### EXERCISE:
Without any change, set down every record below.

### RECORDS SHOWN:
+ + + + + + +

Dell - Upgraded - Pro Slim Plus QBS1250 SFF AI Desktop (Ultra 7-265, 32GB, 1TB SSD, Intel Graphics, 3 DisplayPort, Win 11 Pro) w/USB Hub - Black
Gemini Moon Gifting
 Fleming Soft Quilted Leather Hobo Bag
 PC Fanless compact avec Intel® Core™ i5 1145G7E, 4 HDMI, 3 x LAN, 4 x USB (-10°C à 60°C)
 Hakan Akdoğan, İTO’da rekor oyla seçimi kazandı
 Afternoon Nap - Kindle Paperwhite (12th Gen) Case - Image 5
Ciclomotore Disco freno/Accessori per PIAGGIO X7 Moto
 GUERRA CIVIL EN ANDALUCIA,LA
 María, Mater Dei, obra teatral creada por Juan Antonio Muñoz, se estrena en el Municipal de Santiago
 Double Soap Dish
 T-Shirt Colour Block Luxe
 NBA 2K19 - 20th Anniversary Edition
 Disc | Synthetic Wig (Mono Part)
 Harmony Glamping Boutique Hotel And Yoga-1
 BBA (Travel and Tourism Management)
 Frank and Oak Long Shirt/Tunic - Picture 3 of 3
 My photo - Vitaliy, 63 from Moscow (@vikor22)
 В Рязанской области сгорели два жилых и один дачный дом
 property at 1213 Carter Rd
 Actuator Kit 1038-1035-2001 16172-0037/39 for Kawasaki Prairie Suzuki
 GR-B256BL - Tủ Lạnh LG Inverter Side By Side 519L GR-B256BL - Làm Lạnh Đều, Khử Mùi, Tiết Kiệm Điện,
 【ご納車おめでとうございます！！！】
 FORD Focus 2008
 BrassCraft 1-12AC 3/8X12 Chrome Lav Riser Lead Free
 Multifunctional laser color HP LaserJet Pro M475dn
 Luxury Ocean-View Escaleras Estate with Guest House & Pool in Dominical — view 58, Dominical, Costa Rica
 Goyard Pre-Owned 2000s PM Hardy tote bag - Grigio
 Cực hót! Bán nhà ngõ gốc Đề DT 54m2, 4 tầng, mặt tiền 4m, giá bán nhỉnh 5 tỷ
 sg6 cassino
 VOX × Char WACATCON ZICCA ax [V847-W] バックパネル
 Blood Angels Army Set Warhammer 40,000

+ + + + + + +

### WRITTEN RESPONSE:
Dell - Upgraded - Pro Slim Plus QBS1250 SFF AI Desktop (Ultra 7-265, 32GB, 1TB SSD, Intel Graphics, 3 DisplayPort, Win 11 Pro) w/USB Hub - Black
Gemini Moon Gifting
 Fleming Soft Quilted Leather Hobo Bag
 PC Fanless compact avec Intel® Core™ i5 1145G7E, 4 HDMI, 3 x LAN, 4 x USB (-10°C à 60°C)
 Hakan Akdoğan, İTO’da rekor oyla seçimi kazandı
 Afternoon Nap - Kindle Paperwhite (12th Gen) Case - Image 5
Ciclomotore Disco freno/Accessori per PIAGGIO X7 Moto
 GUERRA CIVIL EN ANDALUCIA,LA
 María, Mater Dei, obra teatral creada por Juan Antonio Muñoz, se estrena en el Municipal de Santiago
 Double Soap Dish
 T-Shirt Colour Block Luxe
 NBA 2K19 - 20th Anniversary Edition
 Disc | Synthetic Wig (Mono Part)
 Harmony Glamping Boutique Hotel And Yoga-1
 BBA (Travel and Tourism Management)
 Frank and Oak Long Shirt/Tunic - Picture 3 of 3
 My photo - Vitaliy, 63 from Moscow (@vikor22)
 В Рязанской области сгорели два жилых и один дачный дом
 property at 1213 Carter Rd
 Actuator Kit 1038-1035-2001 16172-0037/39 for Kawasaki Prairie Suzuki
 GR-B256BL - Tủ Lạnh LG Inverter Side By Side 519L GR-B256BL - Làm Lạnh Đều, Khử Mùi, Tiết Kiệm Điện,
 【ご納車おめでとうございます！！！】
 FORD Focus 2008
 BrassCraft 1-12AC 3/8X12 Chrome Lav Riser Lead Free
 Multifunctional laser color HP LaserJet Pro M475dn
 Luxury Ocean-View Escaleras Estate with Guest House & Pool in Dominical — view 58, Dominical, Costa Rica
 Goyard Pre-Owned 2000s PM Hardy tote bag - Grigio
 Cực hót! Bán nhà ngõ gốc Đề DT 54m2, 4 tầng, mặt tiền 4m, giá bán nhỉnh 5 tỷ
 sg6 cassino
 VOX × Char WACATCON ZICCA ax [V847-W] バックパネル
 Blood Angels Army Set Warhammer 40,000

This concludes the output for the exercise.